Marcel Carné was known for his poetic realism filmmaking style. Arletty's minor role of Raymonde in his film, Hotel du Nord, garnered attention for her "Atmosphere! Atmosphere!” performance. In 1945 Arletty appeared in her most famous film role, the central part of Garance in Les Enfants du Paradis, her fourth role for the director. For this role she earned one of the highest salaries ever in French cinema.

Collaboration
Arletty was imprisoned in 1945 for her wartime liaison with a German Luftwaffe officer, Hans-Jürgen Soehring (1908-1960), during the occupation of France. She allegedly later commented on the experience, "My heart is French but my ass is international." The quotation in French is "Si mon cœur est français, mon cul, lui, est international" and the word "cul" is also translated as "sex." Although other French women fell in love with German soldiers, her romantic affiliation with Soehring during the German occupation prompted a charge of treason.

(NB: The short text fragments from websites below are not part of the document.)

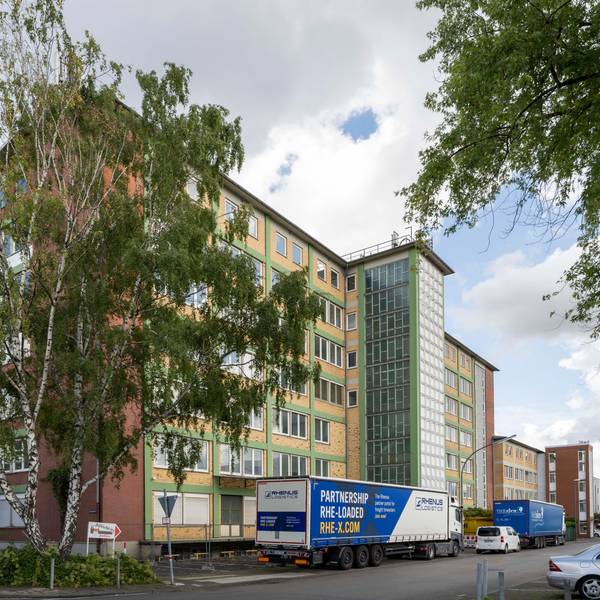 Das Gebäude Delmenhorster Str. 20 in Niehl, die Stadt Köln möchte hier umbauen und ein Kulturraumzentrum Niehl mit Ateliers und Tanzräumen einrichten.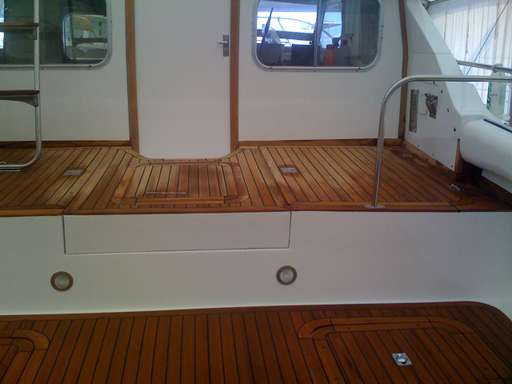 Bertram Bertram 28' fly cruiser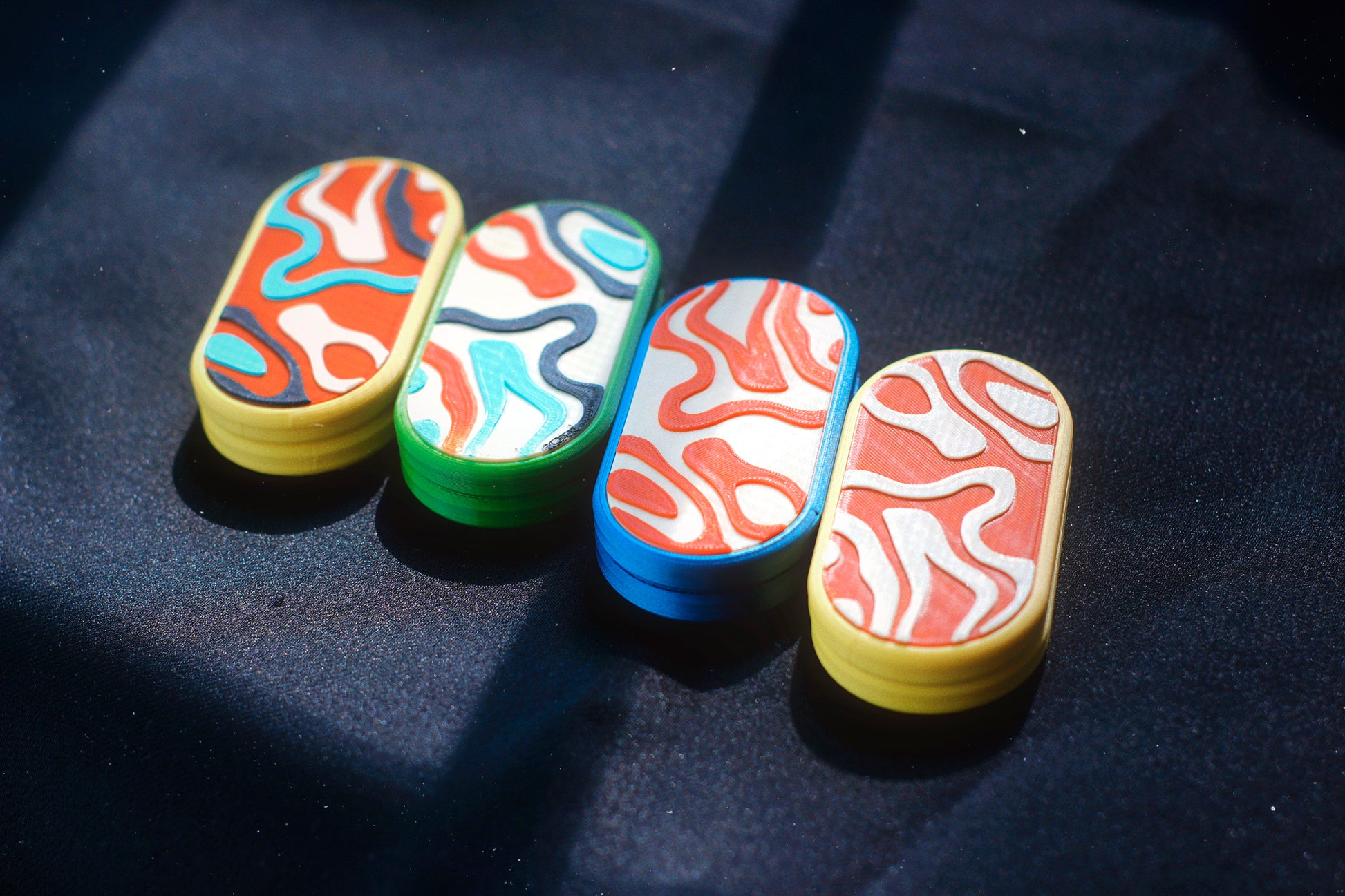 GlidoWave - Customizable Abstract Wave Pattern  Fidget Slider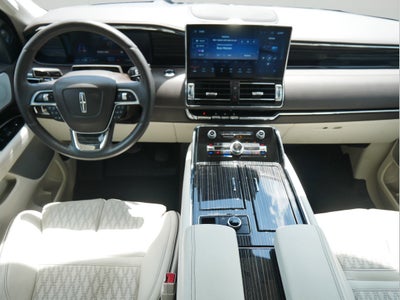2024 Lincoln Navigator L Black Label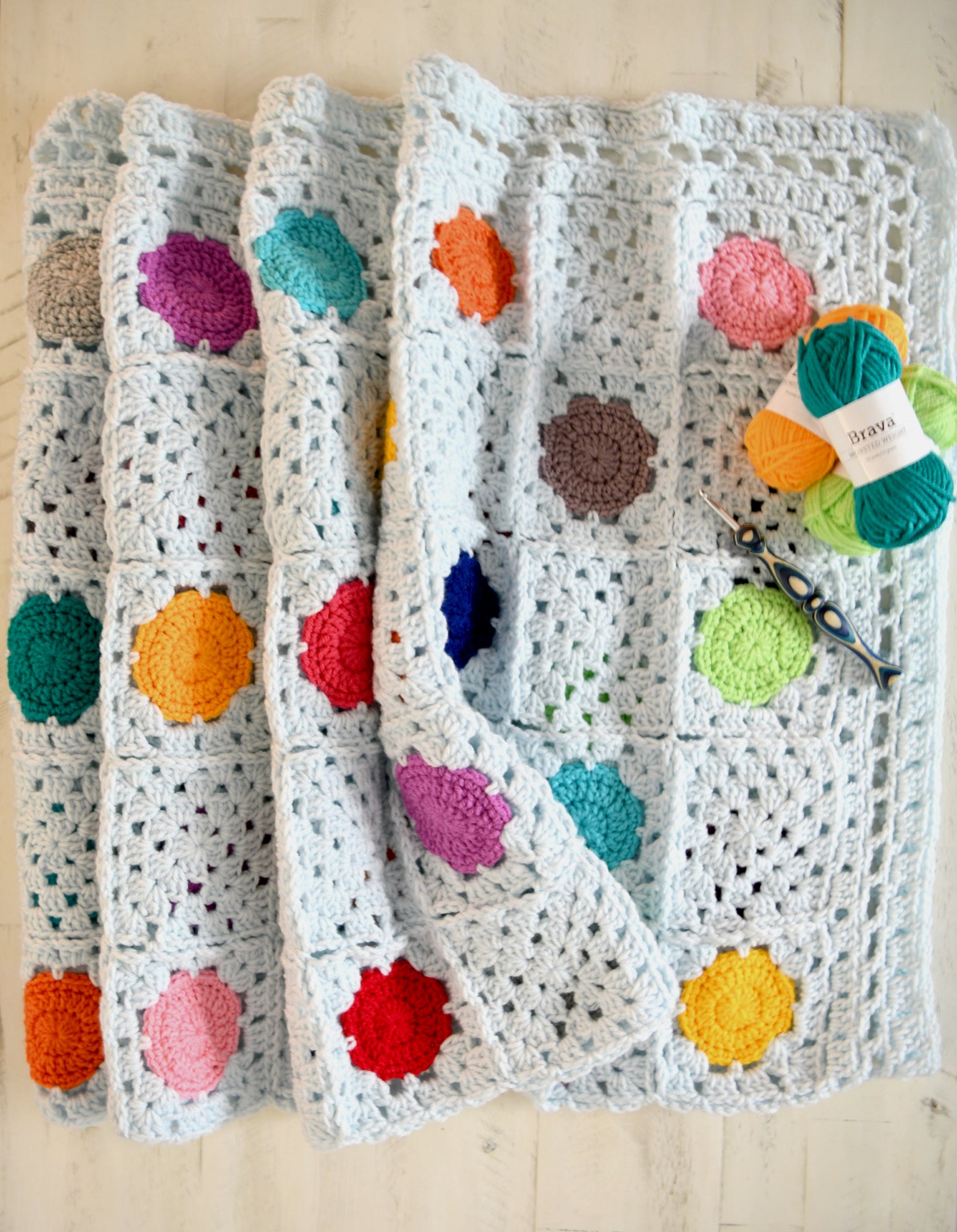 Confetti Dots Granny Crochet Blanket Pattern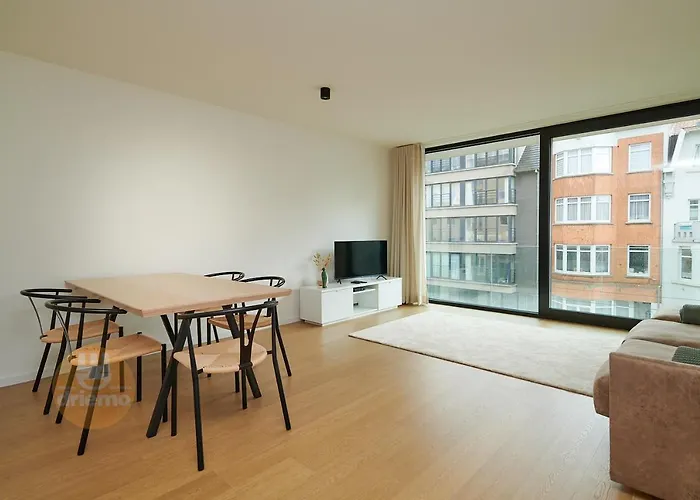 Stephanie 0201 아파트 *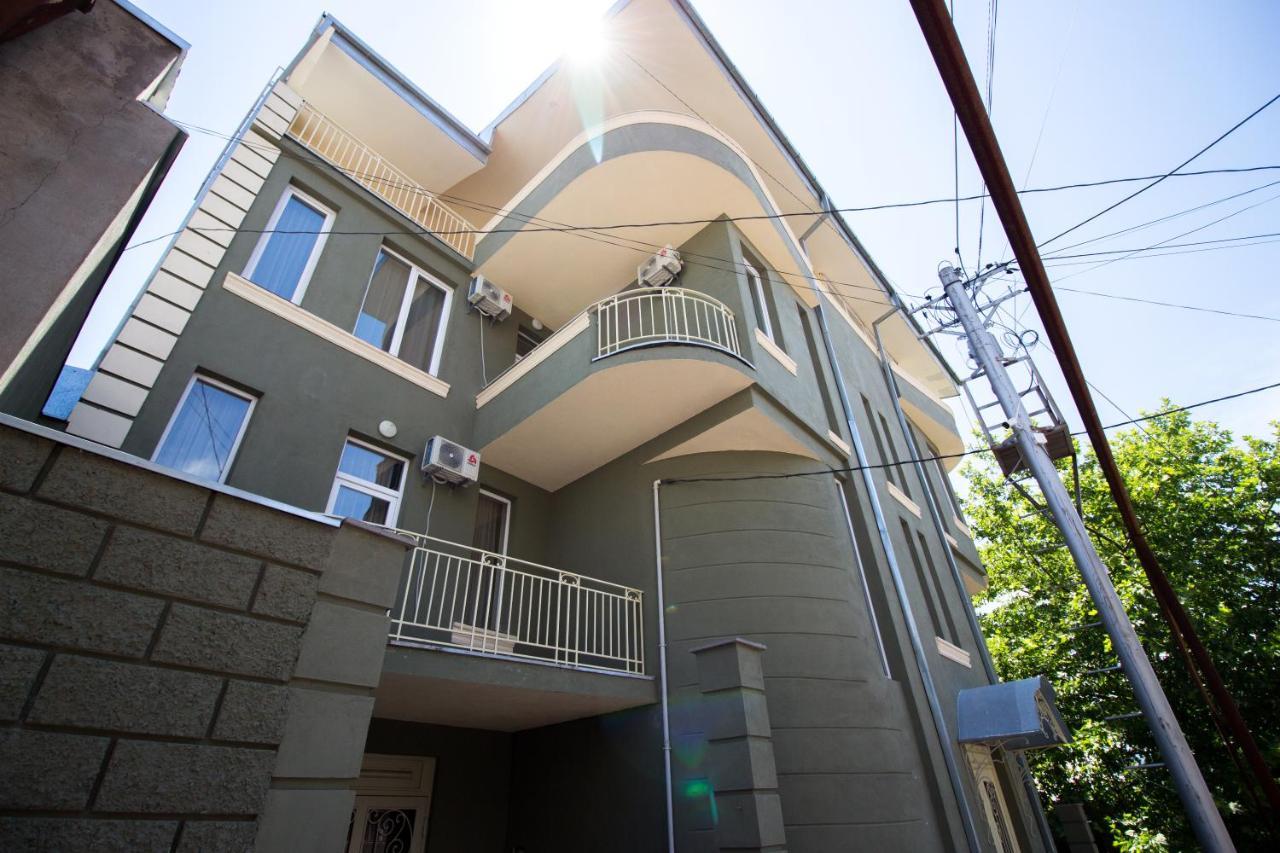Отель Tbili House Тбилиси Экстерьер фото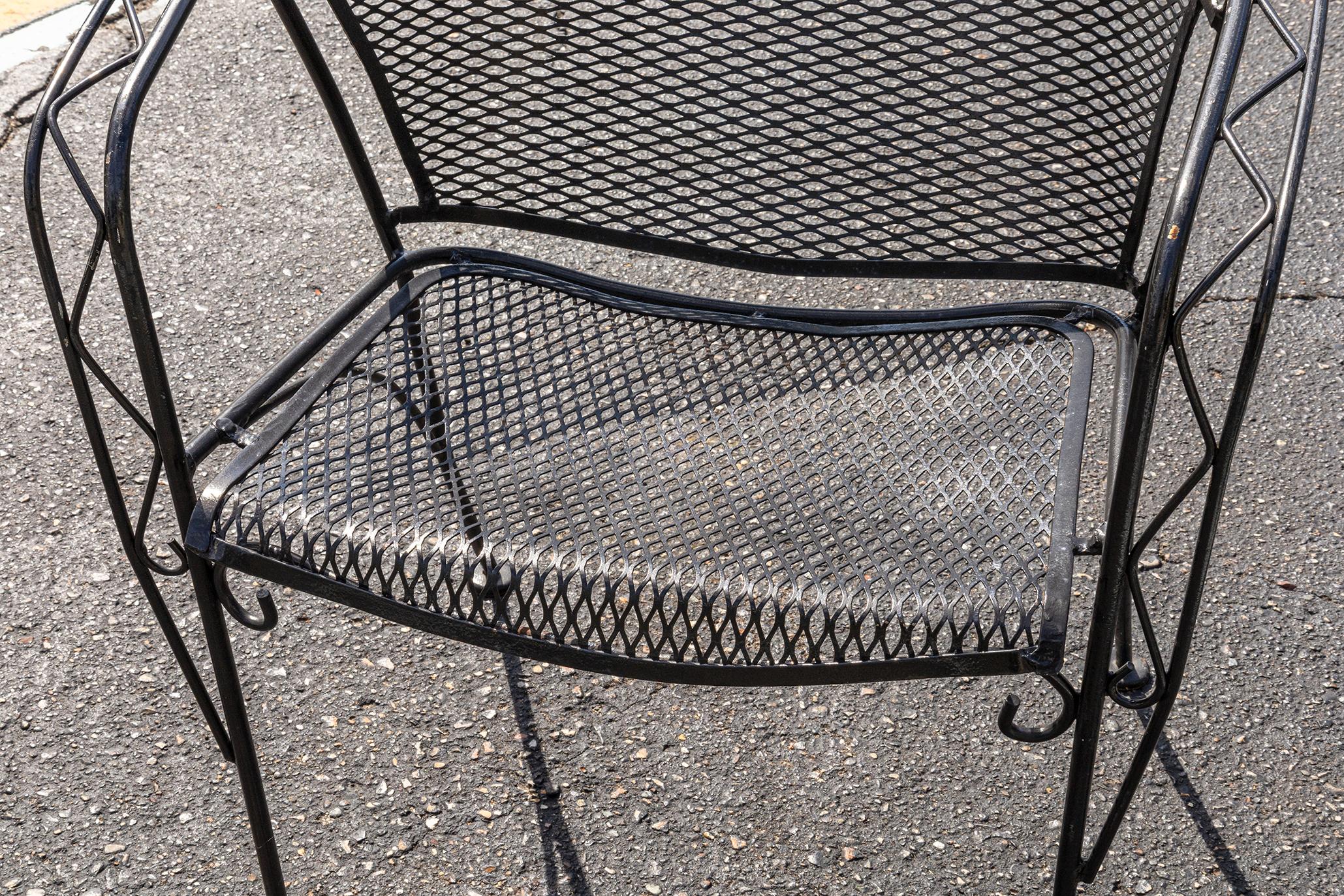 Vintage Russell Woodard Black Wrought Iron Patio Set with Table and 4 Chairs In Good Condition For Sale In Keego Harbor, MI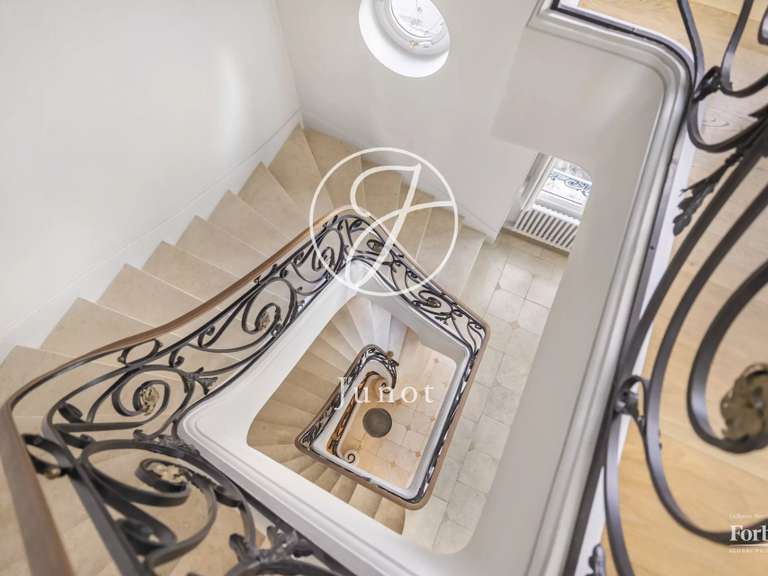 Maison Croissy-sur-Seine - 5 chambres - 502m²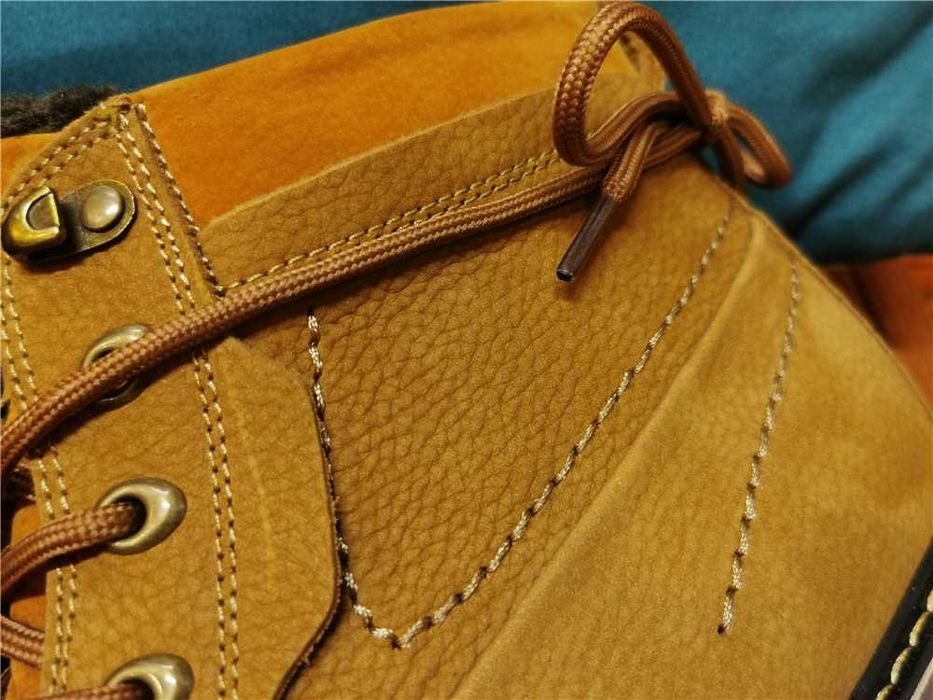 Ботинки из натуральной кожи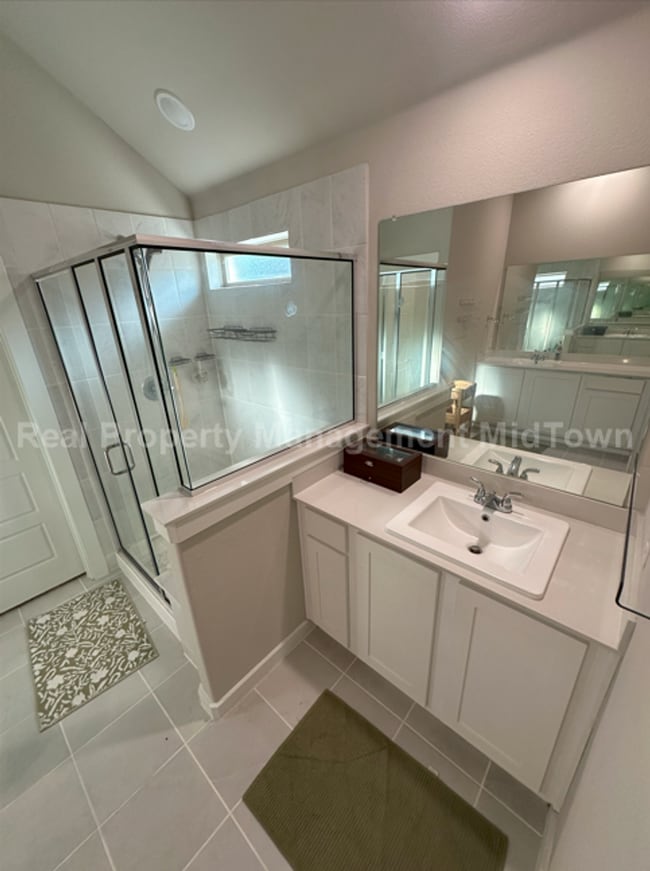 Building Photo - Modern 3-Bedroom Home in Prime Forney Loca...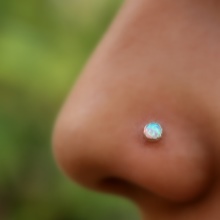 Сережка в ніс (101 фото): як вставити золоті сережки в ніс, кільце, обманка та інші популярні види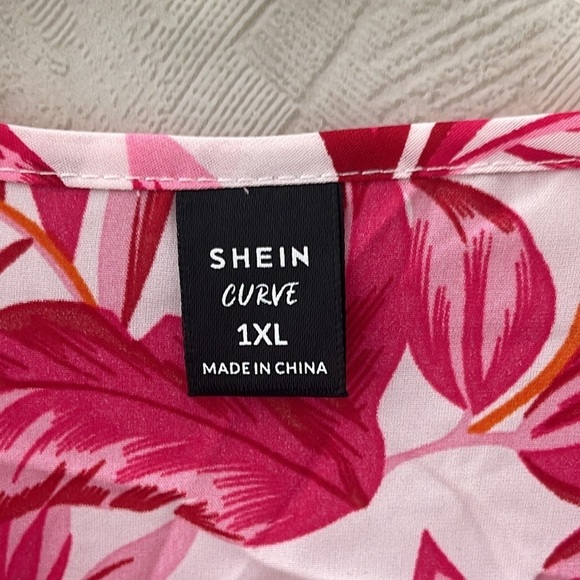 ❤️ 🆕 SHEIN vcay Curve butterfly sleeve blouse Size 1XL - Picture 4 of 5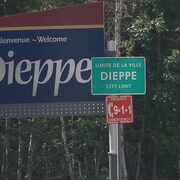Le panneau indiquant le début de la ville de Dieppe.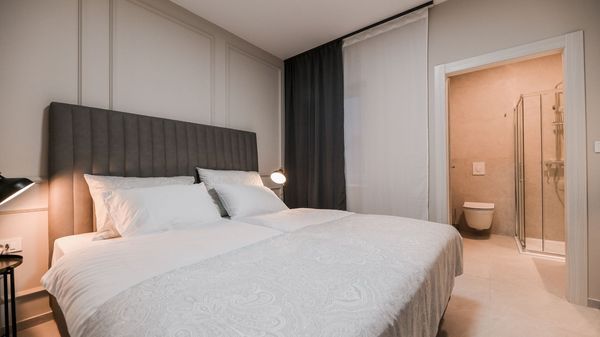 Moderne Ferienwohnung Lacrima 3 in der Villa mit Pool auf Krk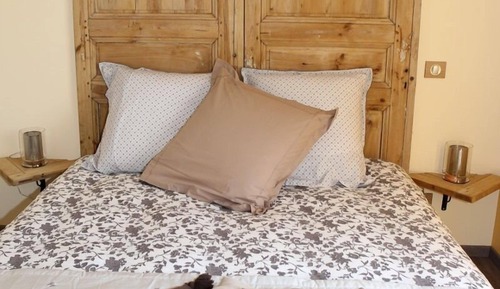 Comfort Double Room, Ensuite, Mountain View (CALCITE)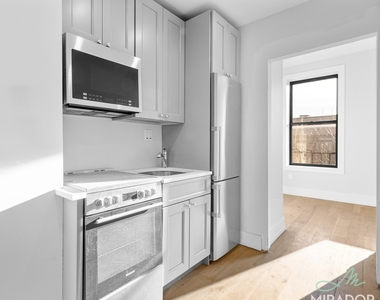221 E 10th Street - Photo Thumbnail 1
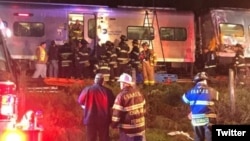 El servicio que conecta Penn Station en la Gran Manzana con los suburbios de la isla de Long Island, es la mayor red de trenes de cercanías de Estados Unidos, con una media de 300.000 pasajeros diarios entre semana.
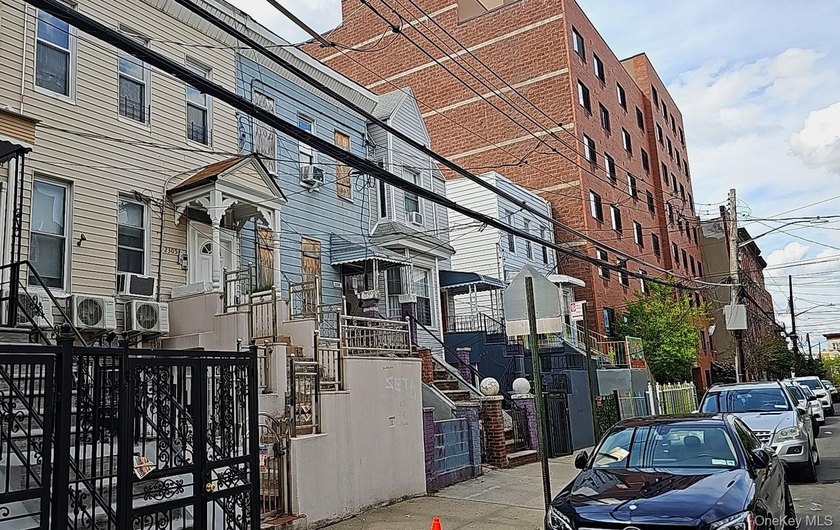 This vacant 1,575 sq ft duplex townhouse-just blocks from Arthur - photo 2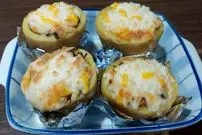 ببینید| طرز تهیه یک غذای ساده با دو سیب زمینی و قارچ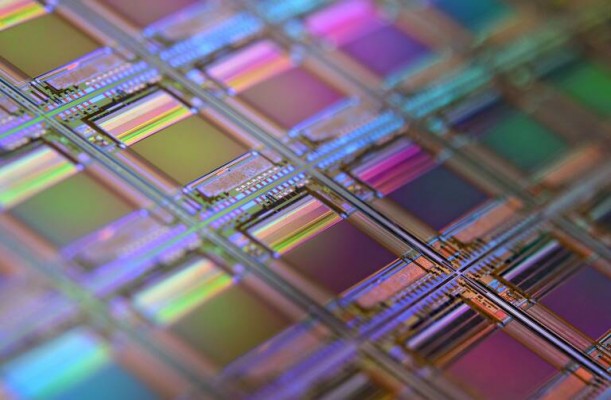 El sector de chips cae un 20% hasta marzo y la oferta comienza a superar la demanda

James Lord wrote of her special treatment:

Arletty was too well known for the mere humiliation of having her head shaved, her naked skull tarred with a swastika and in this abject state paraded through the streets to confront the jeers and spittle of the mob. Prison would be none too good for her, people said, looking forward to severe retribution for the moral treason of which they found her guilty.
For her crimes she received a sentence of eighteen months imprisonment, most of which was served in a private chateau.

Later years
After a moderately successful period as a stage actress in later life she was forced to retire into private life due to progressive loss of her eyesight. One of her final screen appearances was in a small role as an elderly French woman in The Longest Day (1962).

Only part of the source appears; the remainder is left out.